What Servicemen Can Teach Civilians about Situational Awareness
Contributed by Laura Cromwell, Cabela’s
Members of our military are trained to be aware of their surroundings. Ready for dangerous situations and unpredictable people are just a few of the ways our servicemen remain cognizant while in hostile environments. Situational awareness is not about inducing paranoia, but to encourage a level of mindfulness that keeps you safe. Below is a list of what civilians can learn from members of the US military about situational awareness.
Survey the territory. Are you passing a dark alley? Is there thick vegetation nearby? Is your car parked in a dark lot? Factors such as these help conceal an attacker.
Watching for stares. Are people paying unnecessary attention to you? A predator could be sizing you up to decide if you are a potential victim.
Are you being followed? Whether you’re on foot or in the car, it can often be difficult to tell if you are being followed or the person behind you is simply headed to the same place. Making four left turns, turning in a cul-de-sac, slowing down or entering a business can determine whether or not you’re being followed.

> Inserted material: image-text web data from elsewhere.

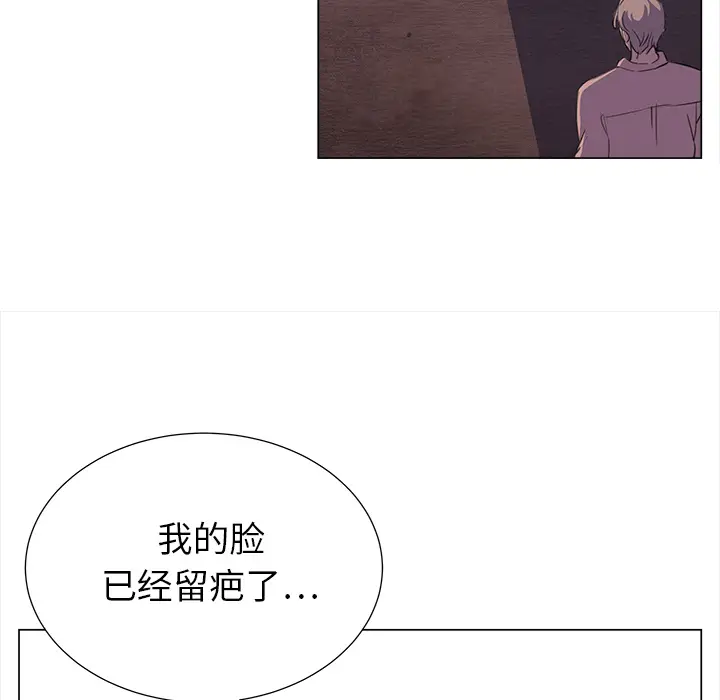 她的时间[顶通]韩漫全集-第14话无删减无遮挡章节图片 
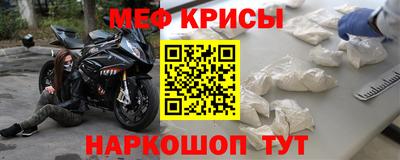 каннабис Апшеронск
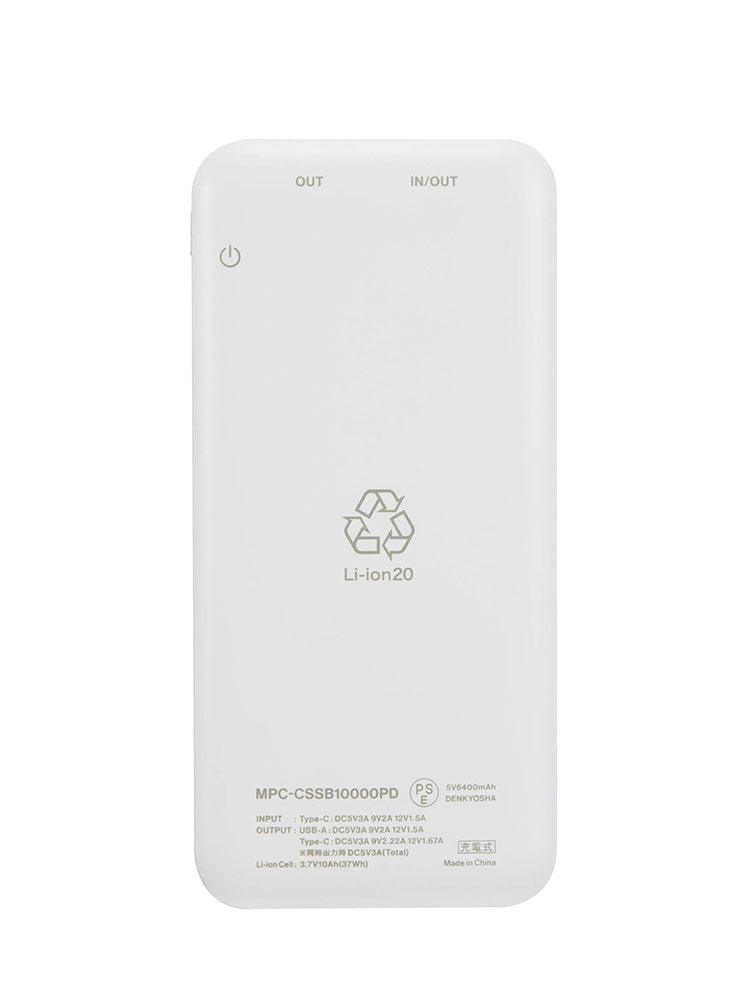 maxell マクセル PD対応半固体モバイルバッテリー 20W 10000mAh 大容量 長寿命 半固体電池 モバイル充電器 USB タイプC PSE適合 安全 発火防止 機内持ち込み可 MPC-CSSB10000PD ブラック ホワイト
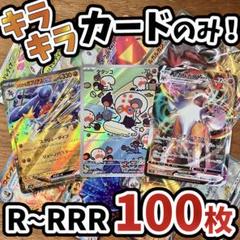 2025年最新】ポケカrrr まとめ売りの人気アイテム - メルカリ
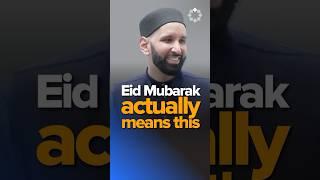 The Secret of "Barakah" | Dr. Omar Suleiman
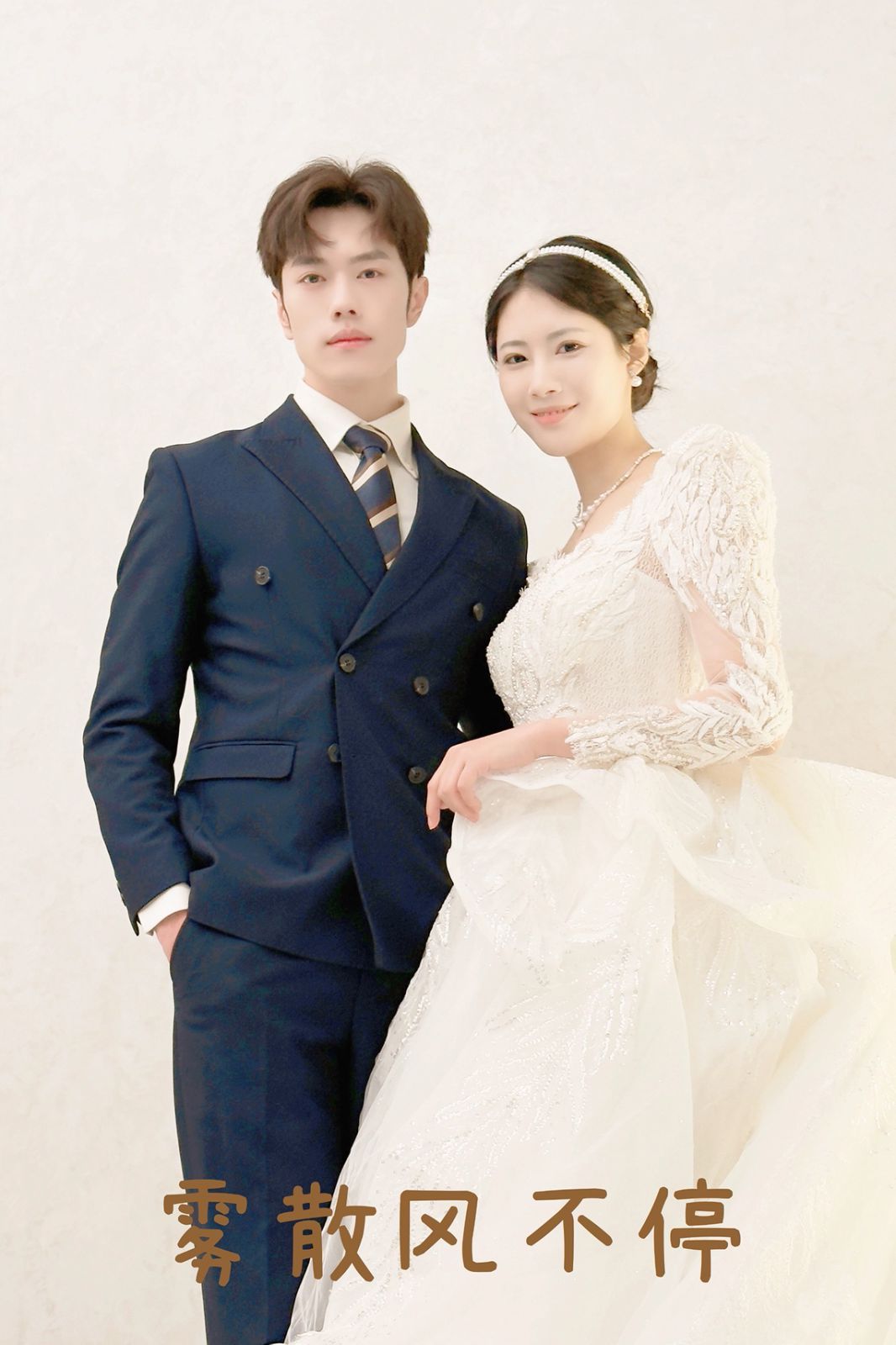 霧散風不停（春風不渡有情人）(全集)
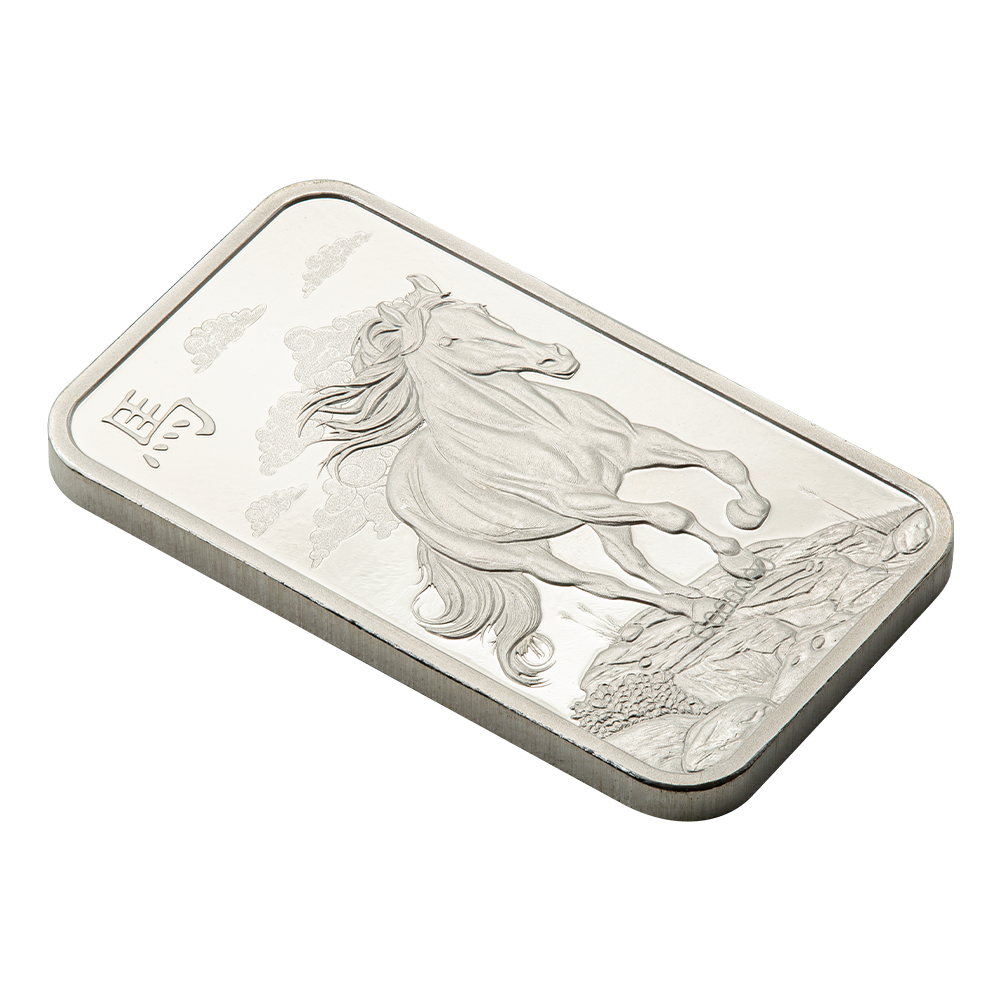 PAMP Lunar Legends 2026 Year of the Horse 10 Grams Silver Bar - FKJGBRSL7062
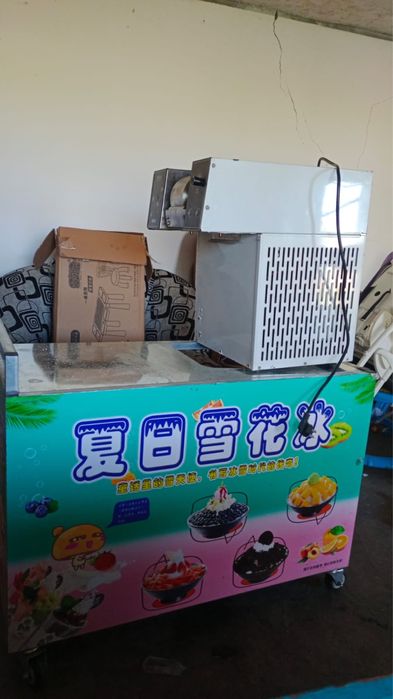 Морожный апарат сатылады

Choose a hotel room wisely. Don’t get a hotel room near an emergency exit because this is an easy escape for an attacker. Choosing a room on the second floor as opposed to the ground floor is ideal as no one can enter the window.
Sit facing the door and locate the emergency exits. Being able to see who comes and goes in public places plus knowing where to get out in a hurry keeps you on the alert.
Consider Jeff Cooper’s (USMC) color system of alertness. Please note that this is a state of attentiveness, not the threat level.
Condition White: Unaware and unprepared. Texting, listening to music, daydreaming and sleeping are all examples of Condition White. This is when most individuals are susceptible to an attack.
Condition Yellow: Relaxed alert. While there is no specific threat, you are simply aware that your surroundings can be dangerous and that you are prepared to defend yourself if needed.
Condition Orange: Specific alert. Your gut is telling you that something is not right and you’ve focused your attention on a potential threat.
Condition Red: Fight. The threat you’ve established has engaged in an attack and now is the time to defend yourself.
Part of self-defense is being aware of what’s going on around you. Ignorance may be bliss, but not being mindful of where you are and who you are with is a potential breeding ground for danger.